In article <C5FJx6.o5w@ns1.nodak.edu> tinguely@plains.NoDak.edu (Mark Tinguely) writes:
>the dumb approach.
>	Once the file starts executing, fail writes to the file. Though this is
>	extremely simple, it is dumb because once opened successfully, writes
>	should not fail. Also Terry points out EBUSY is not POSIX compliant.

EBUSY *is* in Posix ..it's ETXTBSY that's missing; but the return value of
EBUSY would be incorrectly overloaded (as if it were a lock) on return from
open().  There is also the issue of an EBUSY resulting from a read/write/
other operation on a file --this seems (from my reading) to be an illegal
return.  Definitely not acceptable.

>better (than the dumb) approach.
>	When a program wants to execute an already open file (again as Terry
>	said preferably a writable open file) or open a executable file, copy
>	the file as a temporary in the filesystem. By adding a new vnode
>	reference to the the vnode structure, we can allow other programs that
>	also start executing the now open file, to use this copy of the program
>	(so we do not fill the filesystem with these temporaries).
>
>	We have two choices of the life time of the temporary (assume the
>	original write lasts longer than the running of the program), we can
>	keep the lifetime of the temporary until we close the write. In this
>	way we keep the file closer to the original and cut down in the copying
>	overhead (in a sense you could think of this like the old days when
>	programs were copied to swap and used the sticky bit). On the other
>	hand we could make the temporary disappear with the last use and if it
>	gets executed several time, a new copy is made (just like normal
>	execute). Obviously if the temporary executes longer than the write,
>	the temporary will stay around until the program finishes.
>
>	I think appropriate approach is closing the file after all the copies of
>	executing programs have ended and creating a new one if needed.
>
>	When this thread was started, I was thinking we would have to implement
>	this temporary file approach. Do we lose anything by this temporary in
>	the filesystem versus in the VM (swap/memory)?

Uh, um, erg... >*ahem*<... uh...

Well, there seems to be two issues to consider.  One is the dnlc (directory
name lookup cache) and the other is subsequent opens.
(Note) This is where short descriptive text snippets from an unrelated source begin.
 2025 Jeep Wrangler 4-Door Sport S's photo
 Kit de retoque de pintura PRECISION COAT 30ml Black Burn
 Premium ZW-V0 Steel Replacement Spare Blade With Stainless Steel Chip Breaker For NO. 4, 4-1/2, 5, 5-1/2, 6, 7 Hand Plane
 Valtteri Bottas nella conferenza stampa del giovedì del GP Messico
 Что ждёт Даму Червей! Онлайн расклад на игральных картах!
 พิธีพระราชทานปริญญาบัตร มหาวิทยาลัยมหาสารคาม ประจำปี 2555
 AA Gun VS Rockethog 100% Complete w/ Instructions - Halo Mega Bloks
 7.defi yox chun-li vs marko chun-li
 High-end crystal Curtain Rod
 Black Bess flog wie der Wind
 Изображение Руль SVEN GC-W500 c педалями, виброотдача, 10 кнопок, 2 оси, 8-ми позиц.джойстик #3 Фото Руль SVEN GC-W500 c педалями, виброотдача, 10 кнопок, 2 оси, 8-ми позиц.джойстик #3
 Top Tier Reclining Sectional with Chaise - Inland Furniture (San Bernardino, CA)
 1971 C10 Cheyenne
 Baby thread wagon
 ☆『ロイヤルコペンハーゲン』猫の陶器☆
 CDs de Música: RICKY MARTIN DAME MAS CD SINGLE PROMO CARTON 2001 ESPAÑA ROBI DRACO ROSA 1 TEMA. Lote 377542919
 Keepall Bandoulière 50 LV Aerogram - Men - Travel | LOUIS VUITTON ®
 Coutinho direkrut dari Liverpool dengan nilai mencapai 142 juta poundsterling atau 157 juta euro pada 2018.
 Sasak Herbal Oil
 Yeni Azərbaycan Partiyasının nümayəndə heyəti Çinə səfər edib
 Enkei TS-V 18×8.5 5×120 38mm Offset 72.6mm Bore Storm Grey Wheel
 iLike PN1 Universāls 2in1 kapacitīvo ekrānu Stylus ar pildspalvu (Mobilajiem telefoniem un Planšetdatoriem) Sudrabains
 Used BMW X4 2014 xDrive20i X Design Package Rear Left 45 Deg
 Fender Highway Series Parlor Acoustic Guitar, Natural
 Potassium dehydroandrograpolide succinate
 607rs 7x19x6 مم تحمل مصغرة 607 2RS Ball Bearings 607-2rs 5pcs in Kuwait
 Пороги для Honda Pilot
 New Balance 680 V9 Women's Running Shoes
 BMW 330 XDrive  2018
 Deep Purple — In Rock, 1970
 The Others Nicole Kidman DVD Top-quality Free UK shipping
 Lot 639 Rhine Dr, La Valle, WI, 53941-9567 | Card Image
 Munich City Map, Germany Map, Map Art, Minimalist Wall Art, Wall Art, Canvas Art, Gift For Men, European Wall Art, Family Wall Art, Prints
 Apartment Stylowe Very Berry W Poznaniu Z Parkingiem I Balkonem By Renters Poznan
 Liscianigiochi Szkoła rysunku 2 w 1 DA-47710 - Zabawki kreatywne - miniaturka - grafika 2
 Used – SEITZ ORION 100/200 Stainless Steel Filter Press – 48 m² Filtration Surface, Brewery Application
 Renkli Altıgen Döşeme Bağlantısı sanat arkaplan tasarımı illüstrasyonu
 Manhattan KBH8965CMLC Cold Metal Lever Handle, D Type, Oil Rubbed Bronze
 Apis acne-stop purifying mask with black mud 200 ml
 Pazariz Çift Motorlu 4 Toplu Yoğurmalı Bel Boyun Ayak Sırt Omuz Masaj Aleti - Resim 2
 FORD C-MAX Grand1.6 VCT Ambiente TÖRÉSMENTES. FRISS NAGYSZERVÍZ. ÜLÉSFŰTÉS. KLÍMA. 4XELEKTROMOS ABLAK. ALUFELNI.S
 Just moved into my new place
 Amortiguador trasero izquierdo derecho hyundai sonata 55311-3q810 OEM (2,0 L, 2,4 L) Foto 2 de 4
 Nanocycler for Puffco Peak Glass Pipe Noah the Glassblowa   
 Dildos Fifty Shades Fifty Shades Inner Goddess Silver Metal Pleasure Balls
The dnlc (which isn't called the dnlc, and seems to be less general purpose
than you'd want in the 386BSD implementation) caches file names shorter
than some watermark length and the vnode pointer for the directory that
the file name lives in, and the vnode for the open instance for that file.

What this boils down to is that opens and/or lookups don't necessarily
fetch an inode reference to do the open if there is a cache hit.  Since
the exec doesn't have its own lookup hooks at the VFS interface, there is
no way to distinguish what kind of open is occurring (an open for exec,
which should return the "temporary" inode, or an open (which should return
the "real" inode).

I don't see a way the distinction could be made at the VFS layer between
two in core vnodes pointing to the same file... the lookup will pick one or
the other (the first one in cache) to return.  This leaves us with two
possible approaches to implement the temporary inode mechsnism, both of
them unpleasent.  The first is to coerce cache flushes of the UFS dnlc
usages in the case of a "shadowed" inode, and the second is to push the
knowledge of the type of lookup/open below the VFS interface (by adding an
extension to it).  Both of these require changes to each file system type
instance below the VFS interface, and the second requires changes to the
NFS protocol to support an additional op.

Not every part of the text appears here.